Normal olarak bu haberin heyecan uyandırması gerekirdi ama öyle olmadı.
Çünkü Beştepe sakini “rol çaldı”, koalisyon mu olacak, erken seçim mi olacak, kararı o verecek.
Tahmin ettiğim gibi Cumhurbaşkanı, seçime bir AKP hükümetiyle gidecek.
Çünkü Anayasa gereği bir erken seçim kararı alırsa kurulacak seçim hükümetinde CHP, MHP ve HDP’ye de bakanlıklar verilmesi gerekiyor.
Bunun sonucu devlet olanaklarının bu seçim için AKP’nin emrinde olmaması demek ki buna da alışkın değiller.
Kampanyanın önemli bölümünü devlete finanse ettirmek gibi bir alışkanlık kazandılar, bundan vazgeçemiyorlar.
Öte yandan rakip partilerin eline geçecek bakanlıklardan ne tür dosyaların dışarıya sızdırılabileceğini ve bunların seçimde aleyhlerinde kullanılabileceğini de en iyi kendileri biliyorlar zaten, bunu istemezler.
Onun için Anayasa ve yasaların verdiği olanakları kullanacaklar.
Ya bir AKP azınlık hükümeti kurulacak ve TBMM seçim kararı alacak ya da bu hükümet devam ederken TBMM seçim kararı alacak.
Oyun planları şu anda bu.
Eğer bu hükümet devam edecek olursa yapılacak olanın yasaların izin verdiği bir “hükümet darbesi” olacağını söyleyebiliriz.

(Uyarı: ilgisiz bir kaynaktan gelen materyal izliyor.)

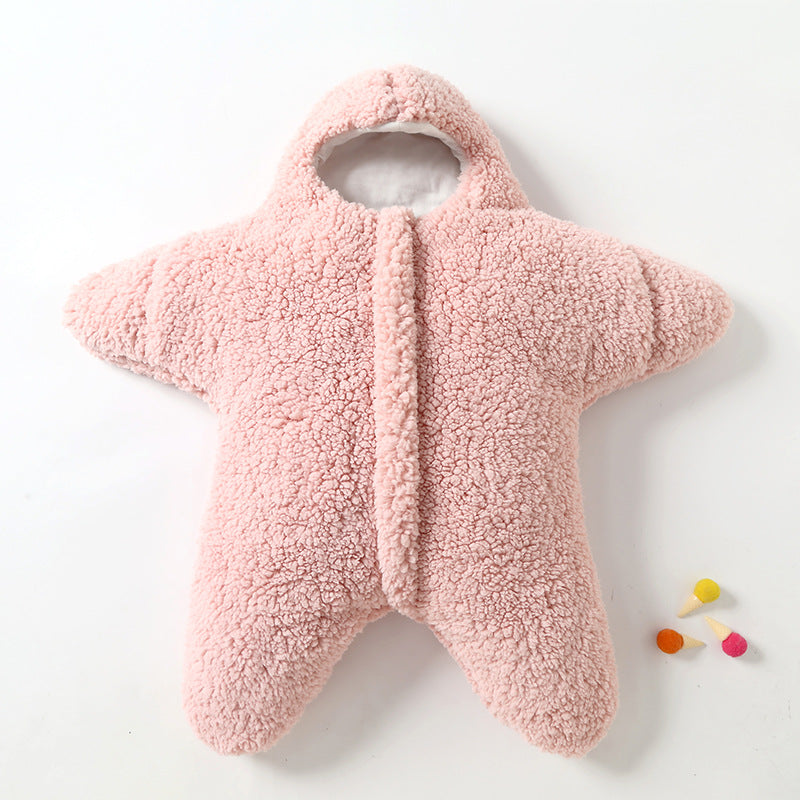 Saco-cama para bebé em forma de estrela – para noites quentes e aconchegantes.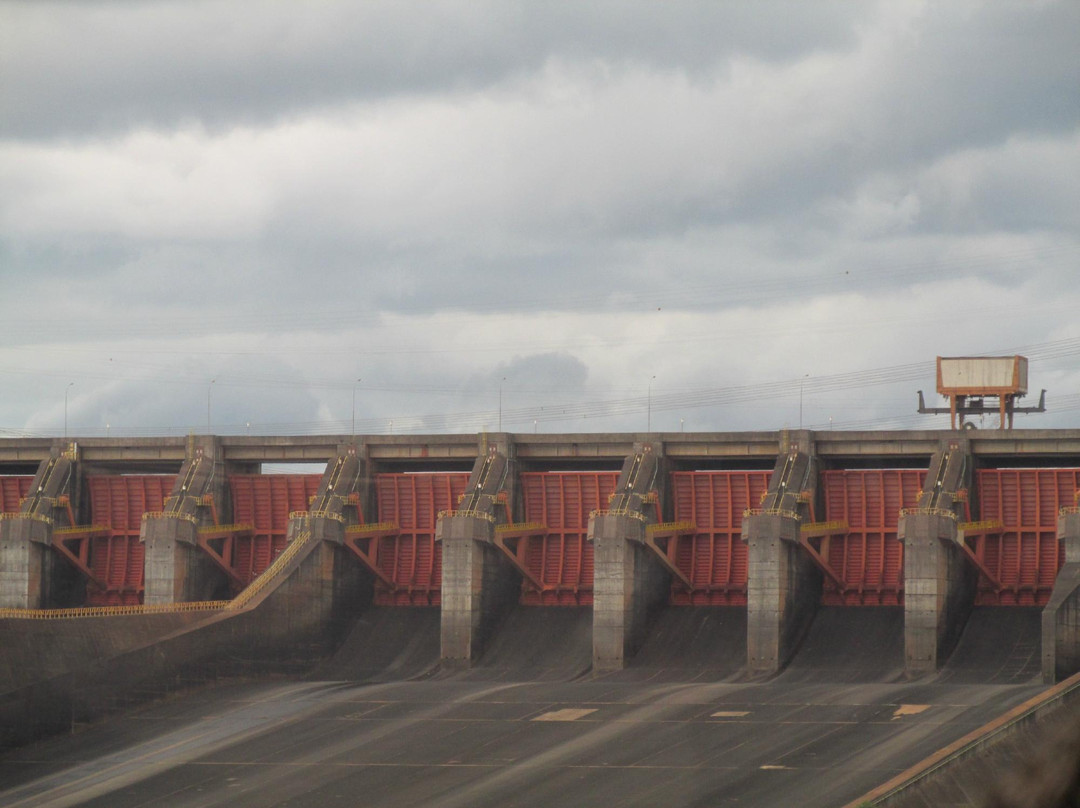 伊泰普水电站-伊瓜苏必去景点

7 Haziran’da görevi biten ve yenisi kurulana kadar görevde kalacak hükümet, seçim sonuçları açıklanıp, yeni hükümet kurulana kadar görevde kalacak.
Millet tarafından yetkilendirilmemiş bir hükümet ile seçim kasımda olursa en iyi ihtimalle yılbaşına kadar devam edeceğiz.
Seçim 2016’nın Mart ayına kalırsa böyle bir hükümet ile neresinden baksanız bir yıla yakın süre yönetilmiş olacağız.
Ve bunu sağlayacak olan da MHP’nin “gel, gelmem; bırak, bırakmam” politikası olacak.
———————————-
Hükümet olmak istemeyen parti
MHP Genel Başkanı Devlet Bahçeli, seçim gecesi “millet bize ana muhalefet görevi verdi” dedi ve koalisyon girişimlerine kapısını kapattı.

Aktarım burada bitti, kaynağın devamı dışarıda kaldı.